These skills might include collaboration, work ethic, questioning, supporting their team’s work, and accepting feedback and responding to it. Depending on your class size, keep groups small enough so that every student will have plenty to do. A good group size is three to four students, with various levels of knowledge and skill. Groups larger than four students may allow for some students to sit back and let others complete the work for them. Each day, facilitate group discussion by providing statement prompts to get your students used to working collaboratively. Include these prompts as part of your exit tickets or journaling exercises and allow time for students to verbally discuss their answers.

Offer opportunities for class share-outs so students can observe other students verbally acknowledging what their group has successfully accomplished and what their group must continue to work on. For example, if you want them to learn how to collaboratively support each other’s ideas, include statement prompts such as “I like this idea, and I’m wondering if we can build on it by…” to show students how to support new ideas and make their teammates feel included.


If you provide too much time to do a project, the students will feel they have time to sit idly. You can always expand your timeline if students need more time, but you will not be able to move a due date up without student revolt. However, if the students think the project is due sooner than it really is, they may tend to be more driven to complete it. Think of when you would like the students to present their products and tell them the due date is sooner than this. This way, they can always use the extra time you might provide to polish their finished product.


Do not assign the project and expect to sit behind your computer for the next few weeks. A well-designed curricular project will require the teacher to facilitate and move between the groups of students several times each class period. Have goals for students each day and require them to submit daily progress checks. Consider disseminating progress checks with Google Forms, exit tickets, or journals. Review these progress checks so that you can ascertain whether some groups are off task.

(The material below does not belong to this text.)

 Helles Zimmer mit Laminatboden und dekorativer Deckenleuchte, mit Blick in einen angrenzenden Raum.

You can also use these to identify which groups will need your intervention.


A delicate balance exists between the application of content and the acquisition of foundational knowledge about the content. Your project may not encompass all parts of the DCIs for this unit; try mixing in other types of instruction to ensure your students can see the theoretical part of this content as well. This is often what’s missing in PBL, and this gap leaves students unable to identify information about the content when it is delivered through more traditional forms of instruction.

Diversifying your instruction is critical when students are learning typical math and scientific calculations, as they may be confronted with it through standardized testing or college entrance exams. A project will help them see the applications of the mathematical concepts, but they may need your help to see what it looks like when posed as a traditional problem.

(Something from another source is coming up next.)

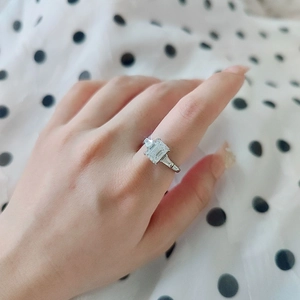 Macro shot of a 2ct emerald cut moissanite ring with side baguette stones on a silver band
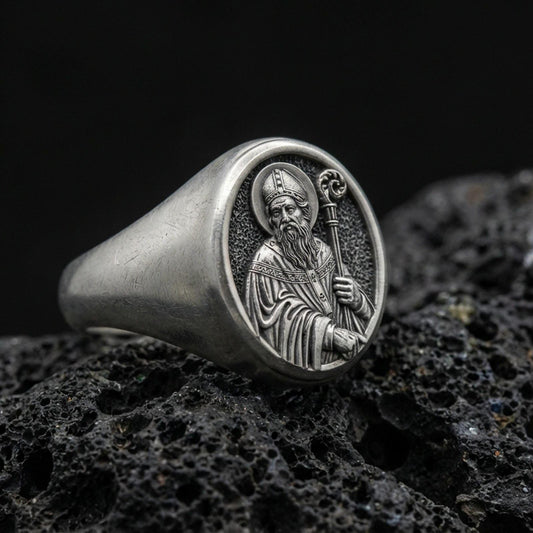 Oxidized 925 sterling silver Saint Benedict signet ring on volcanic rock, holy protector portrait relief, Catholic jewelry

Once you have the basics of your project designed, review your project design against the Project Based Teaching Rubric provided from the Buck Institute of Education’s PBL Works (PBL Works n.d.) Continue to review the progress and achievements of your assignment as the project develops; this will help you modify it for following years.


If implemented strategically, incorporating projects in your classroom curriculum can provide opportunities for students to practice skills that are missing in the instruction of traditional classrooms. Skills such as time management, collaboration, and the ability to accept and respond to feedback are vital to a student’s success in the workforce and will prepare a student well-beyond the pages of a textbook.

As your students grow and practice their new skills with your assigned projects, you’ll watch them become more comfortable contributing ideas, analyzing information, and voicing their thoughts. And it’s these skills that will help our young scientists etch their mark on the world.

Tanya MacMartin, Ed.D. ( is a middle school science teacher and university professor in San Diego, California.


Buck Institute for Education: PBL Works. n.d. Gold Standard PBL: Essential Project Design Elements.

Buck Institute for Education: PBL Works. n.d. Download Project Based Learning Rubrics.

Buck Institute for Education: PBL Works. n.d. Project Based Teaching Rubric.

Cornell University, Center for Teaching Excellence. n.d. Problem-based learning.

Larmer J. 2014. Project-based learning vs. problem-based learning vs. X-BL. Edutopia. January 6.

McTighe J., and Wiggins G.. n.d. Understanding by Design Framework Introduction. Alexandria, VA: ASCD.

Robin J. 2013. Project oriented learning. (video)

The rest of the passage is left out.